Object permanence occurs during infancy when a child comes to the realization that objects exist even when the object has passed out of the infant’s field of vision. Before this stage infants only see objects as they apply to them, and don’t realize that things can exist without their knowledge. “The term object permanence was first coined by psychologist Jean Piaget who believed that children reached this stage at around eight or nine months old” (Knowlton 5014). While this age is most common for children to develop object permanence, it varies depending on each child’s developmental pace. Piaget came to this conclusion by doing simple tests of showing a child a toy and then covering it with a blanket. For children who had developed object permanence, they would still reach for the toy or try and pull the blanket off of it.
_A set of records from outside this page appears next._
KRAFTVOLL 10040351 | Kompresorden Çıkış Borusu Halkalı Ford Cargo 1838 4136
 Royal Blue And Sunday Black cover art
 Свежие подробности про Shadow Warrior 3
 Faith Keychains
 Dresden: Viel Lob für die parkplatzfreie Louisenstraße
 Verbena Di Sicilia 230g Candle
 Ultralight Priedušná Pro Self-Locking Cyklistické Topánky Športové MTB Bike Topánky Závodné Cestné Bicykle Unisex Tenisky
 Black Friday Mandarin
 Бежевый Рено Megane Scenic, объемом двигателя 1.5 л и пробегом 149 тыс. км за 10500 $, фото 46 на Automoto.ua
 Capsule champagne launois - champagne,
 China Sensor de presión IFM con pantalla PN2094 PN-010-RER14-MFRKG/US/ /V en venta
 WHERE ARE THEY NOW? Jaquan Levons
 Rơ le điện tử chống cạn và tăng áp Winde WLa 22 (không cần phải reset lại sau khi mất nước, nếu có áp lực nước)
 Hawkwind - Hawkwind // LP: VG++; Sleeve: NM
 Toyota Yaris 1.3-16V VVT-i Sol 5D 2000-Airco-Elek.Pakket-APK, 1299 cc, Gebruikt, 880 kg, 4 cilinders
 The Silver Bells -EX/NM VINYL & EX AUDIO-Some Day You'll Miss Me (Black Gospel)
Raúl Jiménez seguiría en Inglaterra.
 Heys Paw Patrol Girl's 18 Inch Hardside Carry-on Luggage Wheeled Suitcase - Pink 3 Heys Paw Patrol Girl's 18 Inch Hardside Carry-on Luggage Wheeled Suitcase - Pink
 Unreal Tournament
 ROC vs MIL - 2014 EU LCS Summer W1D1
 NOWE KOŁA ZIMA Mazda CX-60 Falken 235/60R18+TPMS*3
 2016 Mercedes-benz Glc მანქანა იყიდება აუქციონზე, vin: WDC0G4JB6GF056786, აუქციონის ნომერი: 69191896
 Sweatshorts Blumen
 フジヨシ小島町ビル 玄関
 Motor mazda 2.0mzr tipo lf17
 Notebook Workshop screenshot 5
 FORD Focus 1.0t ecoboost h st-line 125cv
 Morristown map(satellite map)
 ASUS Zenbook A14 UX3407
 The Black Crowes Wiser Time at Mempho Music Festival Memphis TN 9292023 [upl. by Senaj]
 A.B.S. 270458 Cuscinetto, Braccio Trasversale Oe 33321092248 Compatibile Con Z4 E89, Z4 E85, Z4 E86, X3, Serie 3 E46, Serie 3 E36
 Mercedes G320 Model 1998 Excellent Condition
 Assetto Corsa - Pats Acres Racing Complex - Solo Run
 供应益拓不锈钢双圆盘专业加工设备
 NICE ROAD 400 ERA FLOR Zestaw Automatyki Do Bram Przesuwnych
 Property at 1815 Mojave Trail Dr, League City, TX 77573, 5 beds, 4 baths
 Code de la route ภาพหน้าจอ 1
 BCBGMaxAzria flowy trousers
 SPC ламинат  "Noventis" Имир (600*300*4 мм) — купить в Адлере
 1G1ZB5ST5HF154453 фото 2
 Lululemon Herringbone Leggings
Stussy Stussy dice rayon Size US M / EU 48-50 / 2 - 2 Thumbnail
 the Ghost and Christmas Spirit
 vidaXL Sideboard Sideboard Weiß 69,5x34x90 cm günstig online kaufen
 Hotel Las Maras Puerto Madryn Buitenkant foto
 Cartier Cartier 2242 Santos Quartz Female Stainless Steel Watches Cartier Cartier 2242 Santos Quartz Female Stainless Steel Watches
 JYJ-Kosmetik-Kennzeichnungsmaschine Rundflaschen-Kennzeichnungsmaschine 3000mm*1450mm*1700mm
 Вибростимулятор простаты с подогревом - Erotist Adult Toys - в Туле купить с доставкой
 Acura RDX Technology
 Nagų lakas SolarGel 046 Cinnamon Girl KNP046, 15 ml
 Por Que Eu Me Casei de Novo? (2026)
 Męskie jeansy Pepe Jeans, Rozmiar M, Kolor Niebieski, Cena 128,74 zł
Children who had not yet reached this stage would often become distressed or cry, fearing that the toy had disappeared.
How Does it Develop?
In the Bioecological Systems Theory of child development, the focus is placed on outside influences and how these factors can both encourage or delay a child’s development of object permanence. Graphically this theory is often represented by depicting rings within rings with each ring representing a different outside influence. The first layer outside the child's circle is the microsystem “which suggests the most influence on the child's development. The microsystem consists of the family, school, child care providers, peers, and all experiences and influences that have a direct effect on the child's immediate environment” (Voldovy 108). The second layer is the mesosystem which “depicts the interactions and linkages of the interconnections of the microsystem (i.e. parents are affected by child care providers and child care providers are affected by parents)” (Sauer 4). The third layer is the exosystem which depicts additional ecological systems that affect child development more indirectly. The exosystem consists of such systems as “legal services, social services, neighbours, extended family, and workplace. Even though that doesn't actually "touch" the child's life, they indirectly affect the child's experiences” (Ayala 168). The last layer in the bioecological system is the macrosystem. This level contains laws, customs, and values of a particular society or cultural system. Even though these institutions don't directly affect the individual child, they can have a strong influence on a child’s development. The chronosystem “reflects the dimension of time in regard to the child's environment and is illustrated with a line that cuts across the entire circle which emphasizes the effect of time across the entire system” (Ortega 48).